Photo-Illustration: Vulture; Photos: HBO, Netflix

This week, Warner Bros. Discovery announced it would be licensing Sex and the City to Netflix. Because of this, millions of Netflix viewers who have heard of Sex and the City but never actually saw more than the occasional clip online will now have the opportunity to ponder whether they themselves are more of a Carrie or a Miranda.

From an optics perspective, though, the idea that one of HBO’s premiere shows — a title that’s been strongly associated with the prestige brand for decades — will now be available to watch on what is, politely, the streaming equivalent of Starbucks, feels surprising! Surely the point of all these streaming platforms is to make people subscribe because they want to watch the shows they can’t see anywhere else, right? And HBO’s brand is based in part on its veneer of exclusivity. What’s going on? As is appropriate for any important existential question about the nature of humanity, Vulture writers Joe Adalian and Kathryn VanArendonk are here to engage in a socratic dialogue to find some consensus on this topic.

Kathryn VanArendonk: Joe, this is not the first time HBO shows have been available somewhere other than HBO, yes? It’s not even the first time Sex and the City has been available somewhere else!

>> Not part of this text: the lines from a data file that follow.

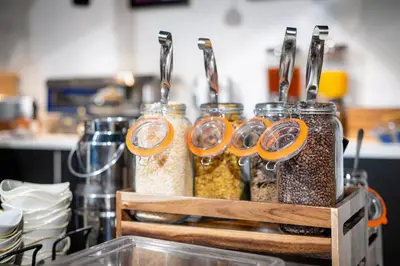 a group of jars filled with food items on a counter at Staycity Aparthotels Liverpool Waterfront in Liverpool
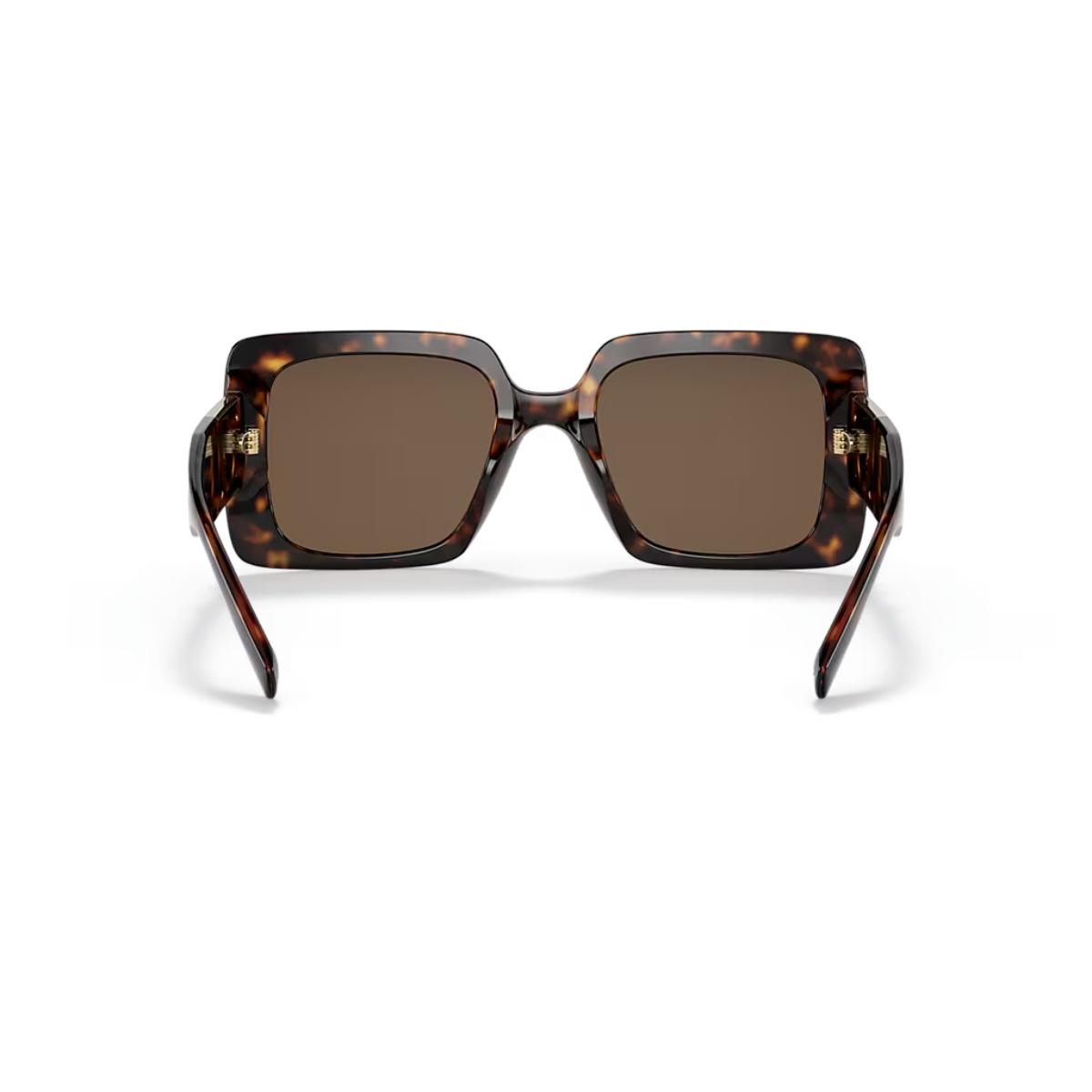 Sunglasses with tortoiseshell frame and brown lenses on a white background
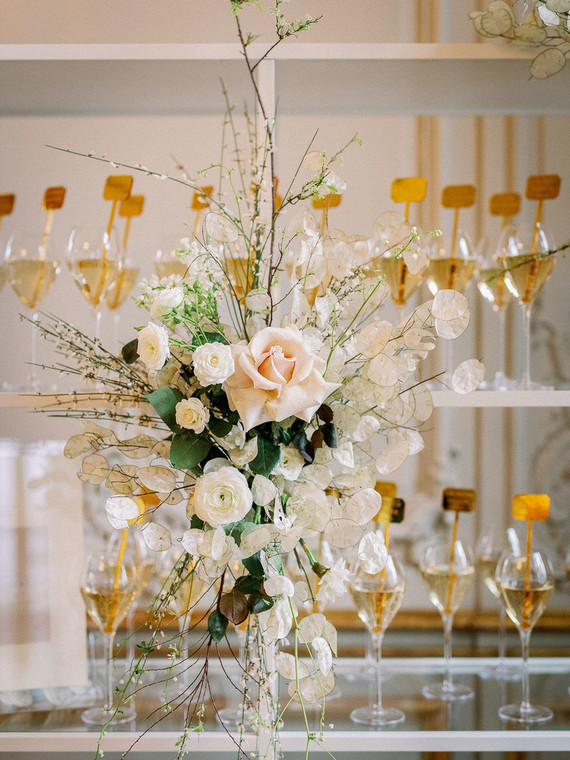 Champagne escort card display with gold drink stirs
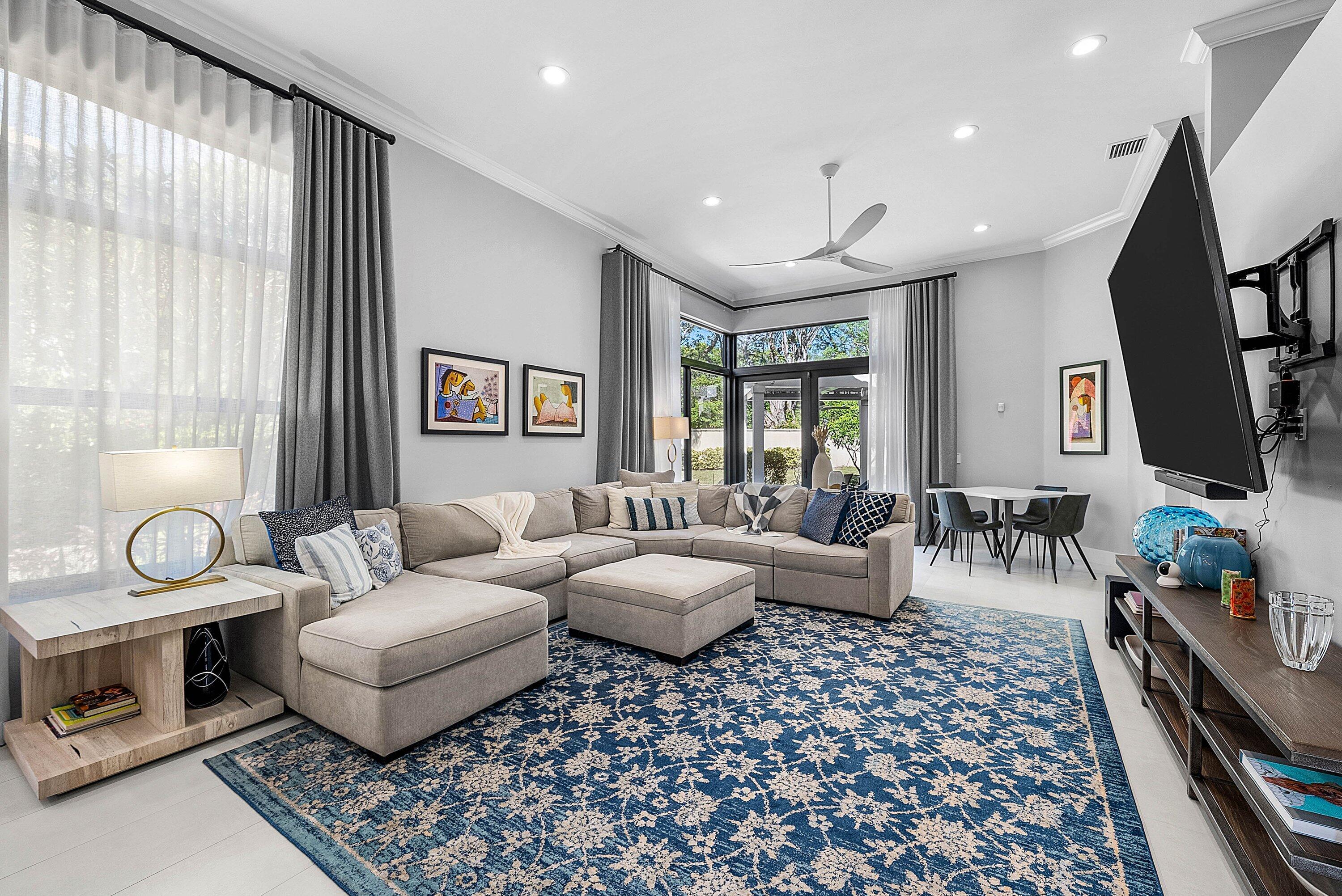2413 Northwest 64th Street Boca Raton, FL 33496 - Photo 3 of 45 a living room with furniture and a window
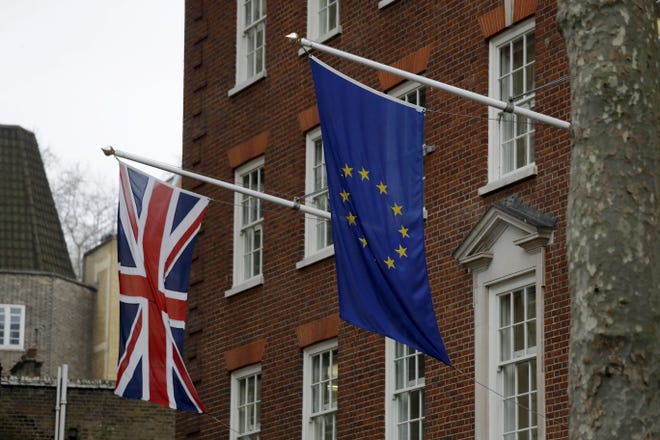 A European and British Union flags hang outside Europe House, the European Parliament's British offices in London, Monday, March 20, 2017. Britain's government will begin the process of leaving the European Union on March 29, starting the clock on the two years in which to complete the most important negotiation for a generation. THE ASSOCIATED PRESS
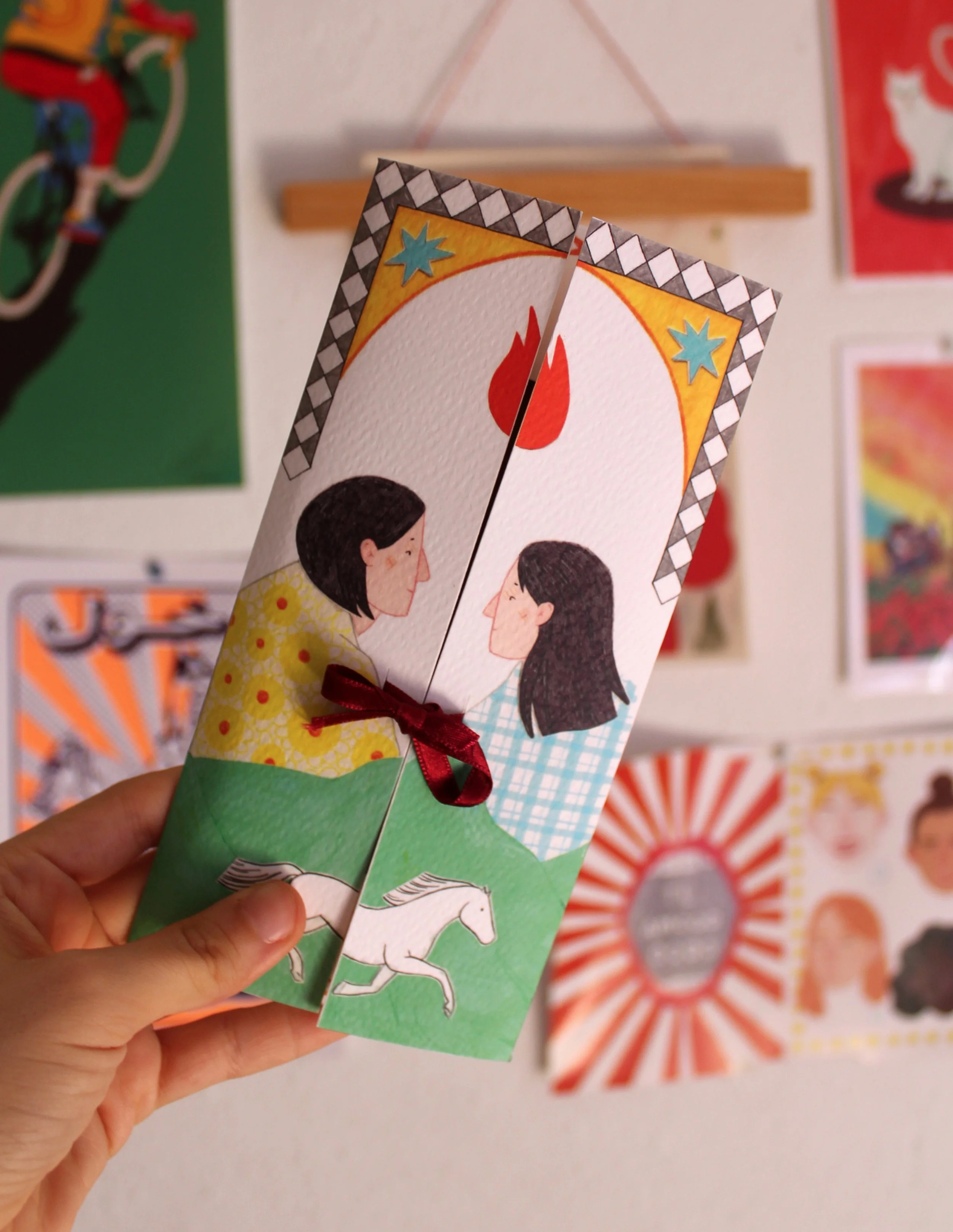 Tarjeta decorativa con ilustración de dos mujeres mirándose, una con cabello negro y otra con cabello castaño, con un símbolo de fuego entre ellas y caballos en la parte inferior, sujetada con una cinta de tela. En el fondo, varias carteles y arte en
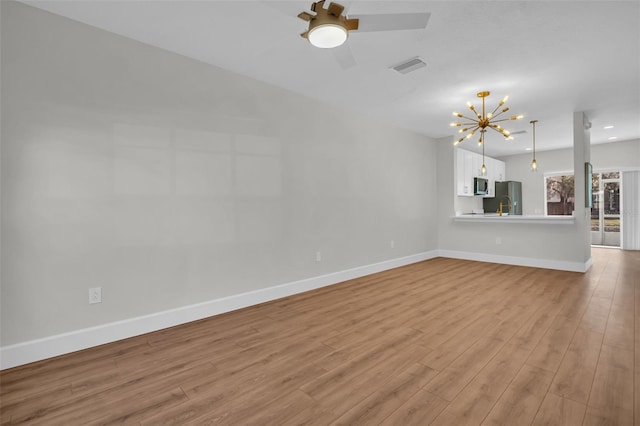 unfurnished living room with light wood finished floors, baseboards, visible vents, and ceiling fan with notable chandelier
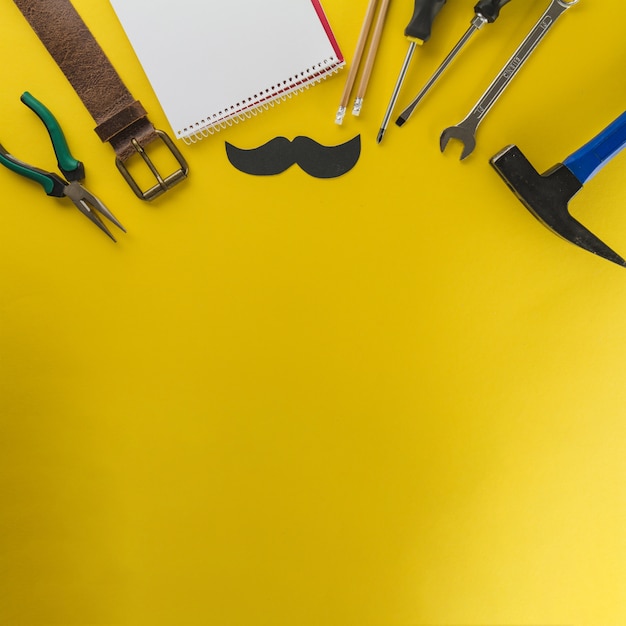 Yellow surface with variety of elements for father's day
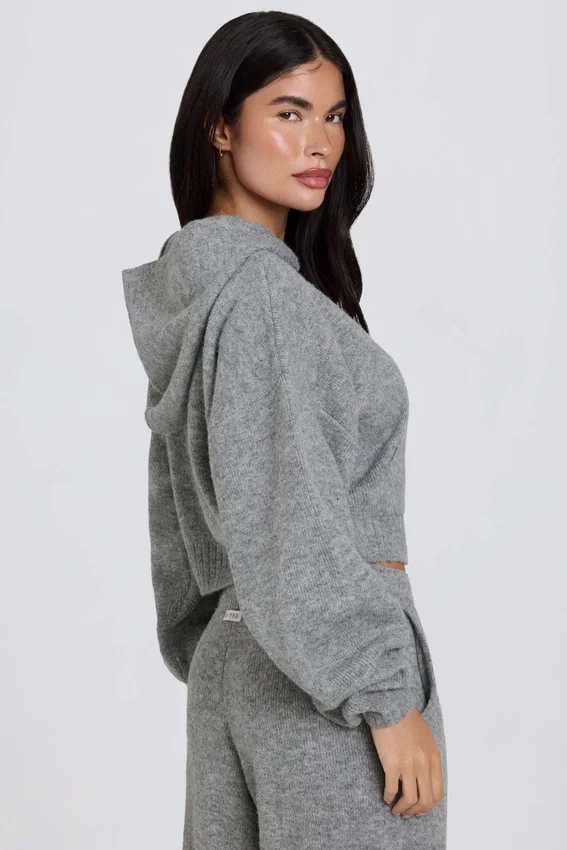 Mjuk, kort hoodie i grått med dragkedja Mjuk, kort hoodie i grått med dragkedja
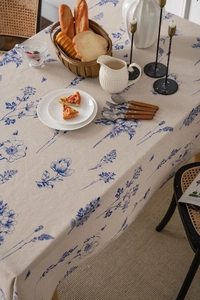 Detailed view of blue floral bee pattern on vintage style cotton linen tablecloth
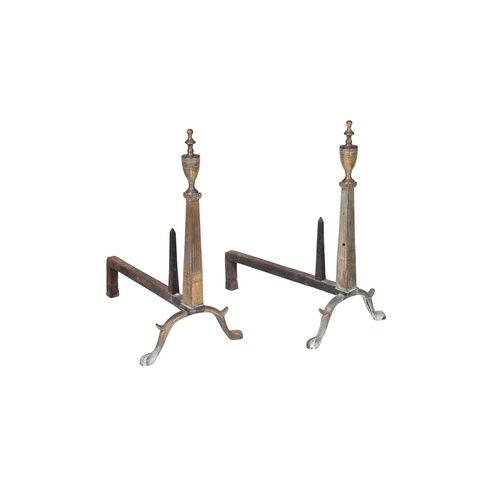 428 - A pair of pressed andirons in George III style, with urn finials above the tapering stems and bipeda... 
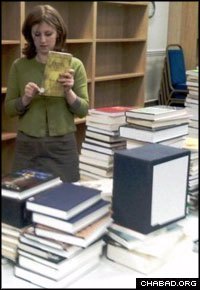 Chabad of Oxford co-director Freida Brackman sorts through the collections of the Samson Judaica Library.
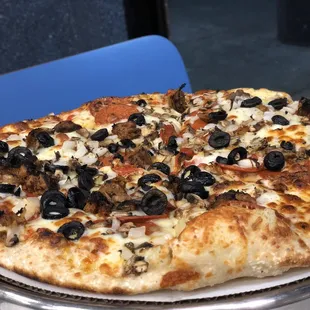 Build your own vegan pizza with vegan sausage, mushrooms, black olives and vegan pepperoni.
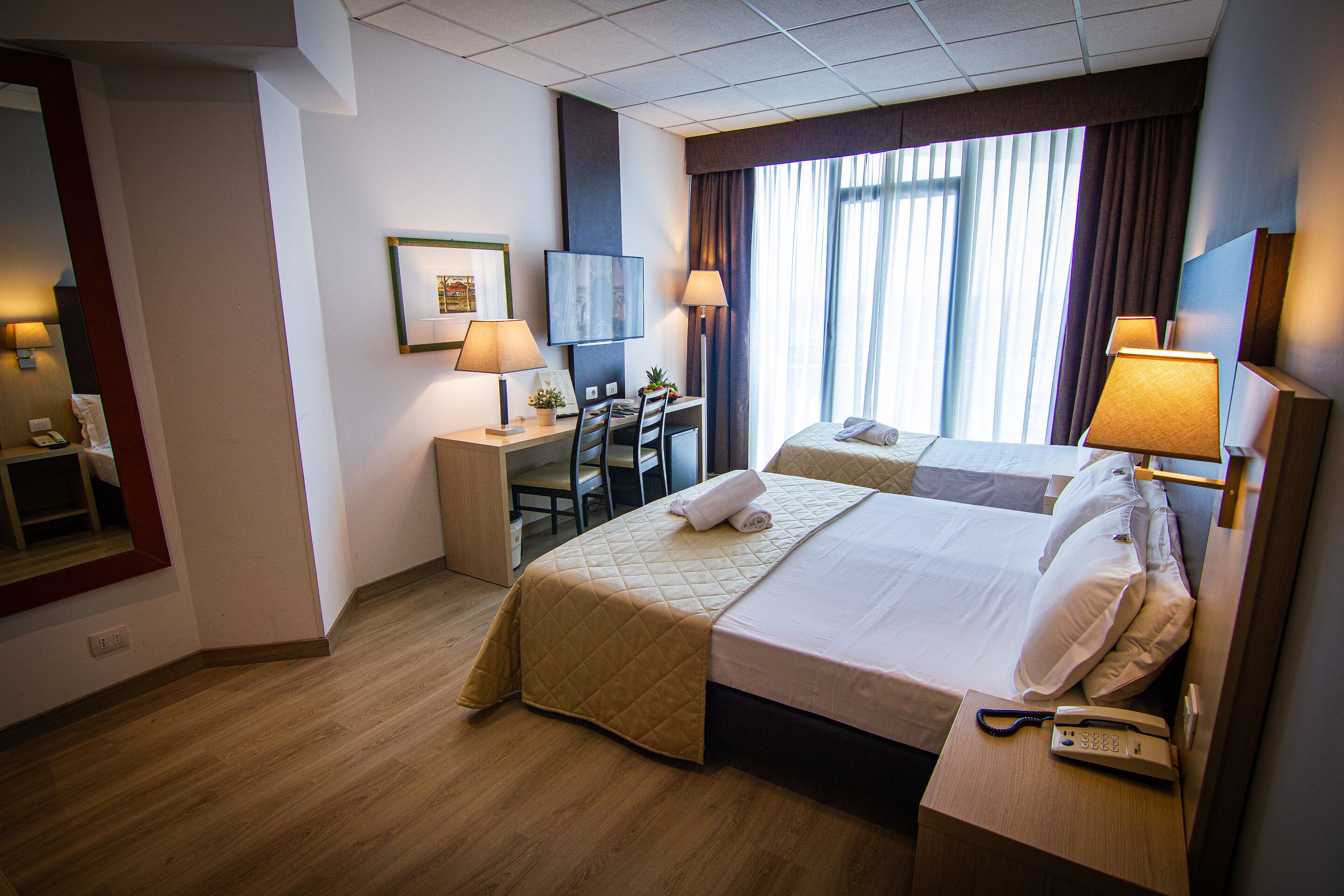 A hotel room with two beds, a desk with a chair, a telephone, and a window with curtains.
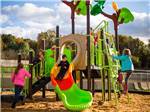 Children having fun on the playground at BRUSHCREEK FALLS RV RESORT - thumbnail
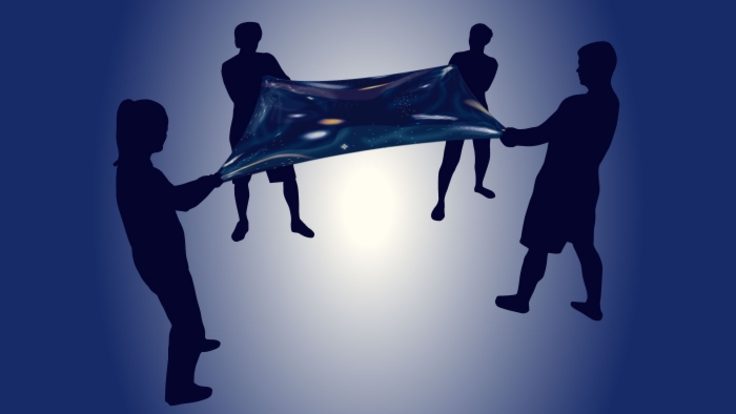 Four people pulling on four corners of a space blanket 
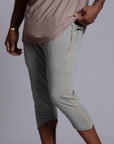 Male modeling Green Clay colored yogo mid shorts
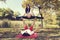 Autumn Park Couple doing acro yoga. Pregnancy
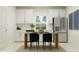 Bright kitchen with white cabinets, stainless steel appliances, and a wooden dining table with stylish blue chairs at 11837 Blue Diamond Trl, Parrish, FL 34219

Joe Adalian: Nope, this is not the first time SATC has ventured outside the borders of its HBO homeland — not by a mile. On linear TV, the show has been running on basic cable on and off since TBS started carrying reruns back in June 2004, just three months after its HBO series finale. The next year, the show began a syndication run on local TV stations around the country, and eventually it moved over to the very downscale cable neighborhood where the E! Network resides. (You can watch a marathon of episodes this Monday if you’d like.)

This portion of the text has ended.